Mother Loss and Age of Emotional Development: The 40’s – Loneliness, Regret, Loss of Identity

By: Mary Ellen Collins

Women who have experienced mother loss in the 40’s have often expressed emotions connected to the following statements:

  • “I feel all alone.”
  • “Who will call me their daughter?”
  • “How will I know what to do next?”
  • “How did my mother make that recipe?”
  • “What is my family history?”
  • “What are the family secrets I don’t know?”

We have covered mother loss for many ages. Please go back and refresh yourself with the previous blogs.

Age of Loss and Stage of Emotional Development:

Let’s move forward to the 40’s. What is a 40’s woman’s life like? This is middle adulthood. During middle adulthood, we establish our careers, settle down within a relationship, begin our own families and develop a sense of being a part of the bigger picture. We give back to society through raising our children, being productive at work, and becoming involved in community activities and organizations.

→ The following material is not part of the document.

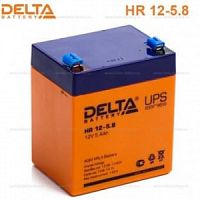 Акб 5,8 (Delta HR 12-5.8) 12В 5,8А/ч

The 40’s woman’s challenges are much like the 30’s, but accelerated.  Everything is magnified. The demands on her work, home, career and family s-u-c-k every ounce of energy from her.  She usually has put others ahead of her needs.

She has spent so much of her waking hours on these demands she has hardly had time to create true relationships. Her mother relationship may be the only one she has had time for. This may be the first time the 40’s woman looks at her mother and sees her as a friend or a peer.

She may have adolescents or even adult children. She really needs guidance and advice. This is one of the roles among others her mother may have held in the daughter’s life – counselor, advisor, along with grandmother, cheerleader, and as always the mother.  Mother may be the only source of nurturing and feminine support that the 40’s woman has. Mother is also the one who has the family history. She knows the secrets. One woman shared,“There is so much I want to know but I didn’t ask before and now she is gone.” 

 When a 40’s woman experiences mother loss, the demands on her life leave her no time to grieve.  When she loses her mother she feels alone.  Although, she may feel very alone, she must be the rock for those around her.  There is no one there to support her. So she stuffs her feelings only to have them come back to haunt her later. 

Psychologists tell us this is the most common decade to experience loss.  Most women will lose their mother in the 40’s.  Compounding the grief from mother loss are those darn hormones! The 40’s woman begins to experience the erratic emotional swings and hormone imbalance that occur during peri-menopause.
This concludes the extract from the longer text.